See frdc/train/mixmatch_module.py.

Quick Recap

We will go over the essential parts of the code here. Before that, we revise some of the concepts that are used in the code.

Abstract Methods

In Python, we can define abstract methods using the abc module. Just like other OOP languages, abstract methods are methods that must be implemented by the child class.

For example:

from abc import ABC, abstractmethod


class MyAbstractClass(ABC):
    @abstractmethod
    def my_abstract_method(self):
        pass


class MyChildClass(MyAbstractClass):
    def my_abstract_method(self):
        print("Hello World!")

`nn.Module` & `LightningModule`

If you're unfamiliar with PyTorch, you should read the nn.Module Documentation.

nn.Module is the base class for all neural network modules in PyTorch.

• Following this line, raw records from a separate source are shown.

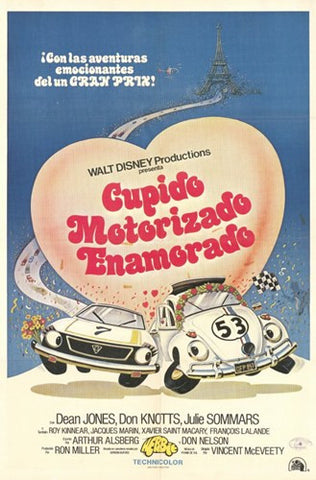 Herbie Goes to Monte Carlo Movie Poster Print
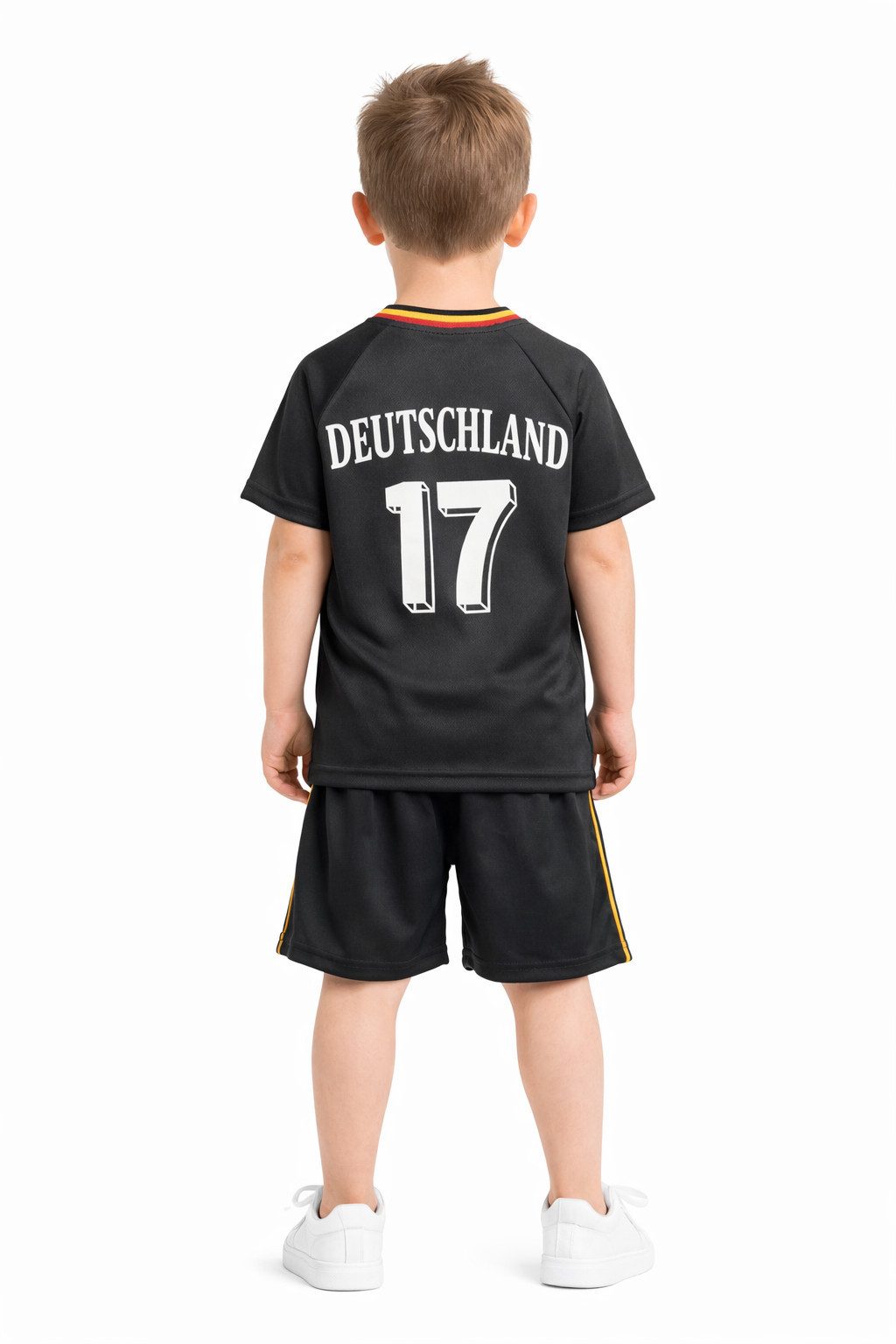 Fashion Boy Fußballtrikot Fußball Fan Set Deutschland Germany Trikot + Shorts 2026, JS780 (Set, 2, Shirt+Shorts)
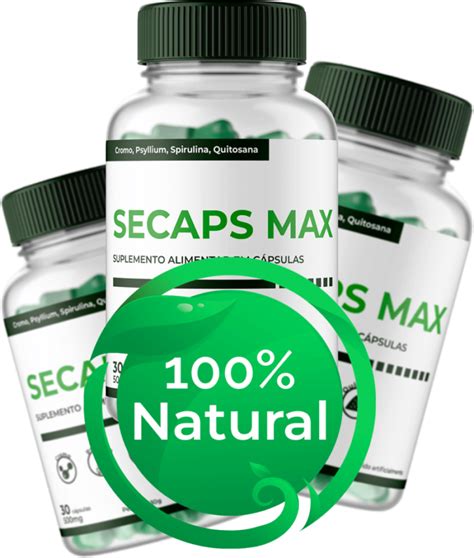 Secaps Max Suplemento Para Emagrecer Naturalmente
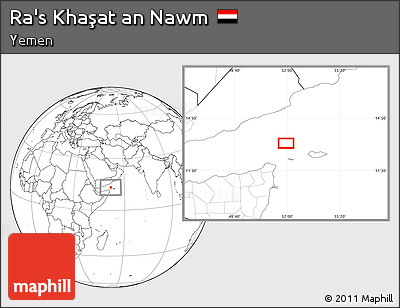 Blank Location Map of Ra's Khaşat An Nawm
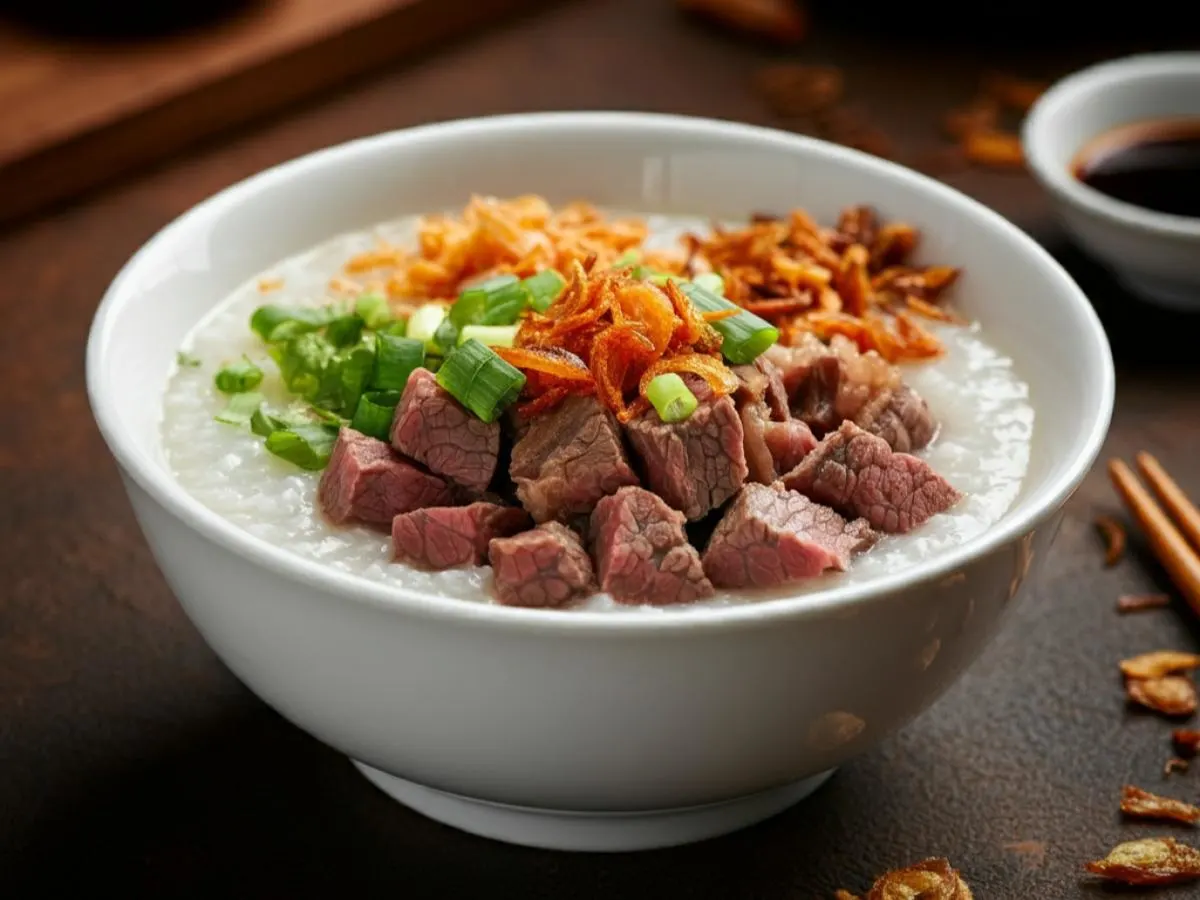 Beef Congee Beef Congee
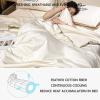 YySXIQ Ice Silk Quilt, Summer Simple Ice Silk Quilt, Duvet Cover Ice Silk Thin Quilt, Cool and Comfortable Washable Ice Silk Simple Air Conditioning(Color:D,Size:150x200cm), 610038 view 3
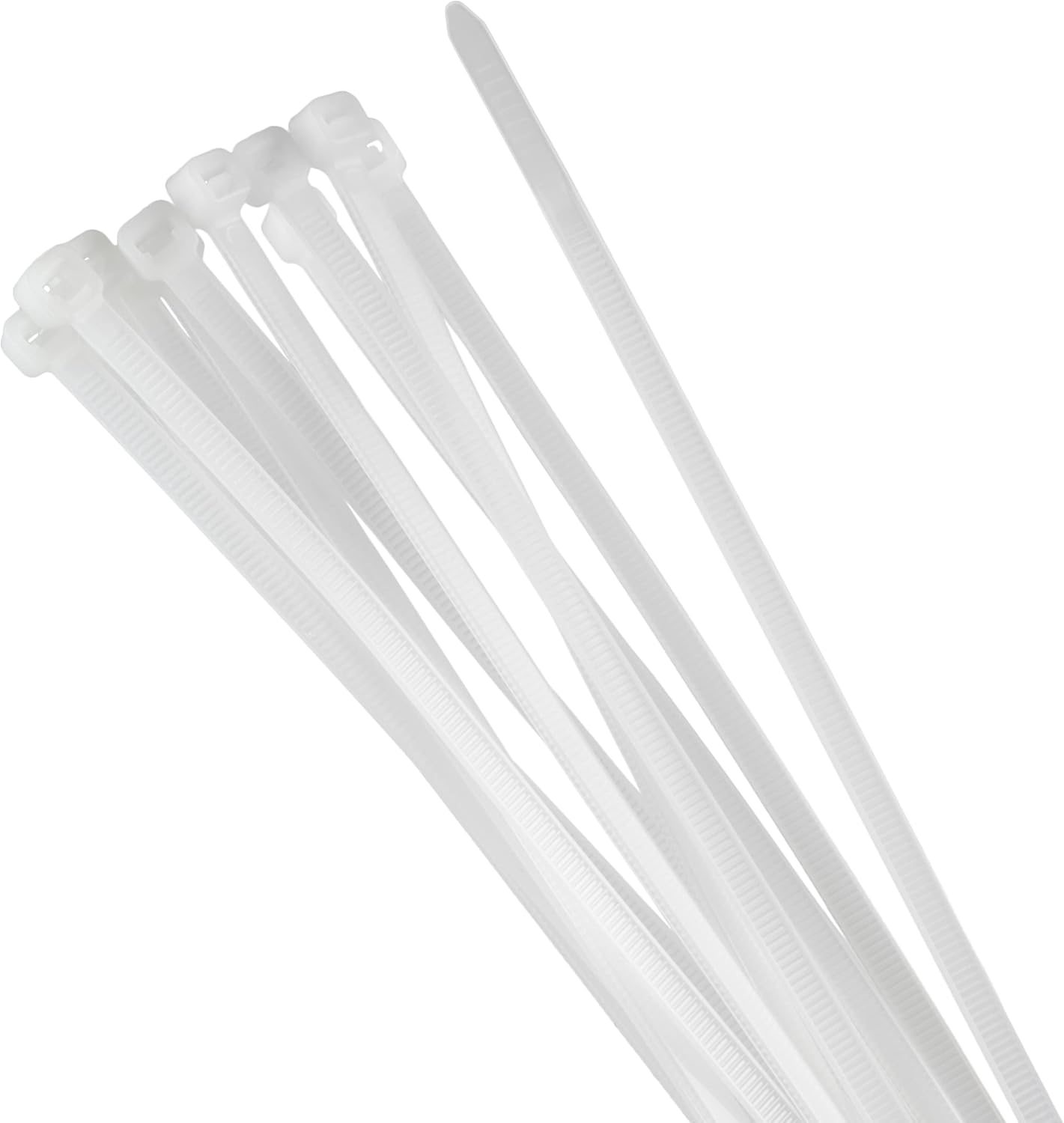 ORNO AE-13199 Cable Tie 100 Pieces, White (2.5 mm/100 mm)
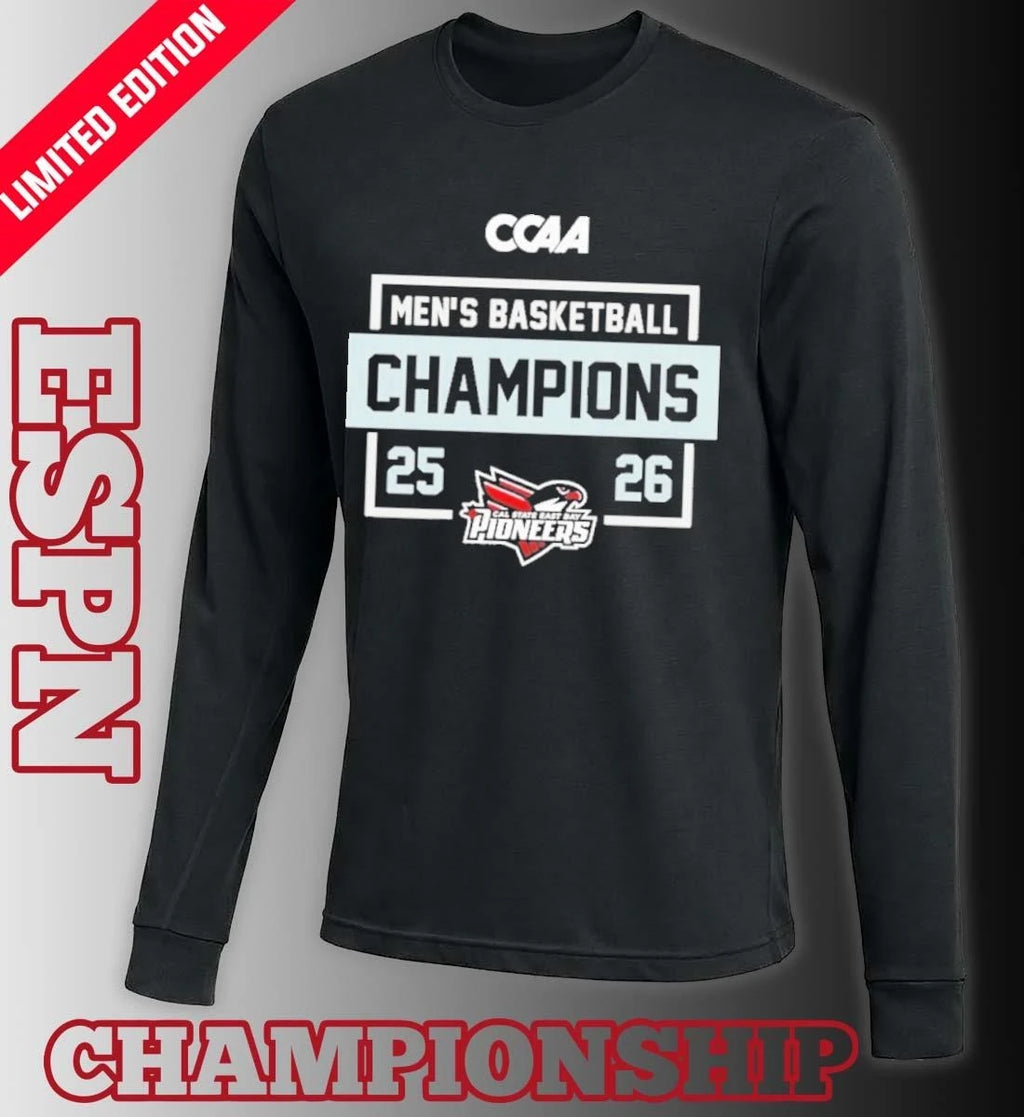 Official Cal State East Bay Pioneers CCAA Men’s Basketball Regular Season Champions Shirt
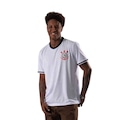 Camiseta do Corinthians Lumina Braziline Masculina BRANCO/PRETO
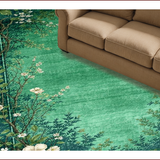 Intricate Botanical Leaf Motif(Green)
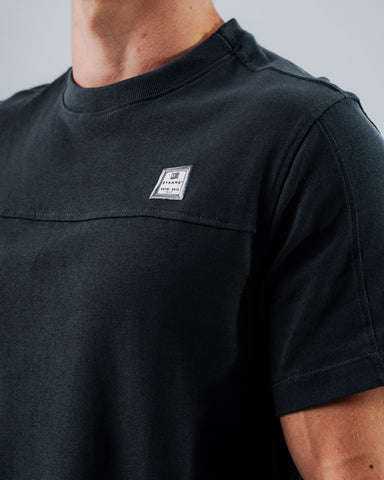 Camiseta Para Hombre Regular Gris Azul Dynamo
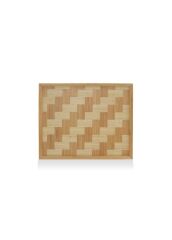 The Mia TPS0066 Wicker Bambu Tepsi 31x25 Cm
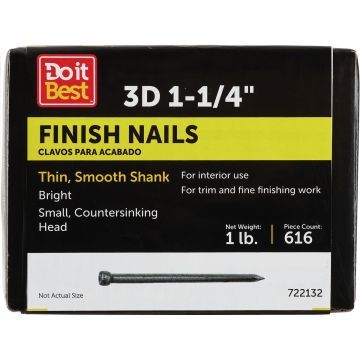 Do it 3d x 1-1/4 In. Bright Finishing Nails (880 Ct., 1 Lb.)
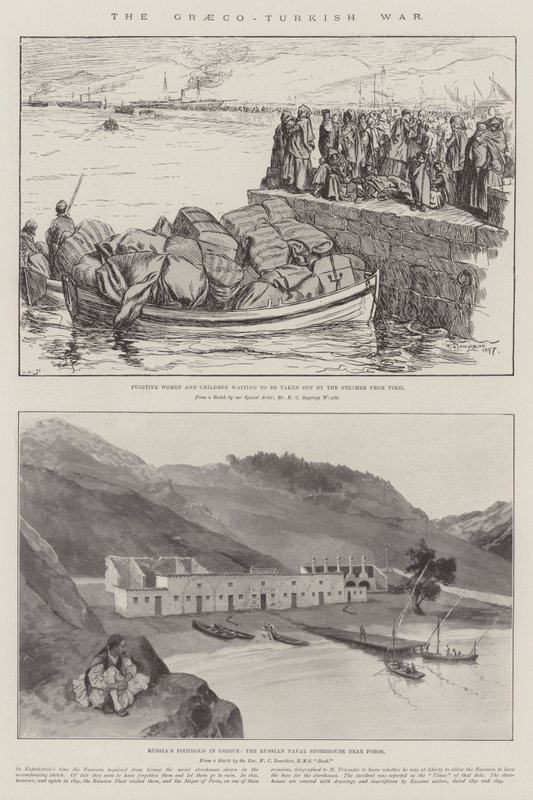 Den græsk-tyrkiske krig af Frederick Henry Townsend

While LightningModule is a PyTorch Lightning class that extends nn.Module, providing it with additional functionality that reduces boilerplate code.

By implementing it as a LightningModule, we also enter the PyTorch Lightning ecosystem, which provides us with a lot of useful features such as logging, early stopping, and more.

What do we implement in a Module?

One key component that nn.Module requires, is the model. So for example:

class MyModule(nn.Module):
    def __init__(self):
        super().__init__()
        self.model = nn.Sequential(
            nn.Linear(28 * 28, 128),
            nn.ReLU(),
            nn.Linear(128, 10),
        )

    def forward(self, x):
        return self.model(x)

PyTorch Lightning builds on top of it, requiring training_step and validation_step. Each "step" is a batch of data, and the model is trained on it. So for example:

class MyModule(LightningModule):
    def __init__(self): ...

    def forward(self, x): ...

    def training_step(self, batch, batch_idx):
        x, y = batch
        y_hat = self(x)
        loss = F.cross_entropy(y_hat, y)
        return loss

    def validation_step(self, batch, batch_idx):
        x, y = batch
        y_hat = self(x)
        loss = F.cross_entropy(y_hat, y)
        return loss

Usually, the training and validation steps are the same, but in some cases, such as MixMatch, they are different. In MixMatch, we not only use a different loss function for train, we also handle a batch differently. The PyTorch Lightning framework allows us to separate the two, and implement them separately.

Model Embedded Preprocessing `on_before_batch_transfer`

In PyTorch Lightning, we can also inject a step before the batch is passed to the model. This is done by overriding the on_before_batch_transfer method.

This allows us to do preprocessing on the batch, such as scaling the data, encoding the labels, and more.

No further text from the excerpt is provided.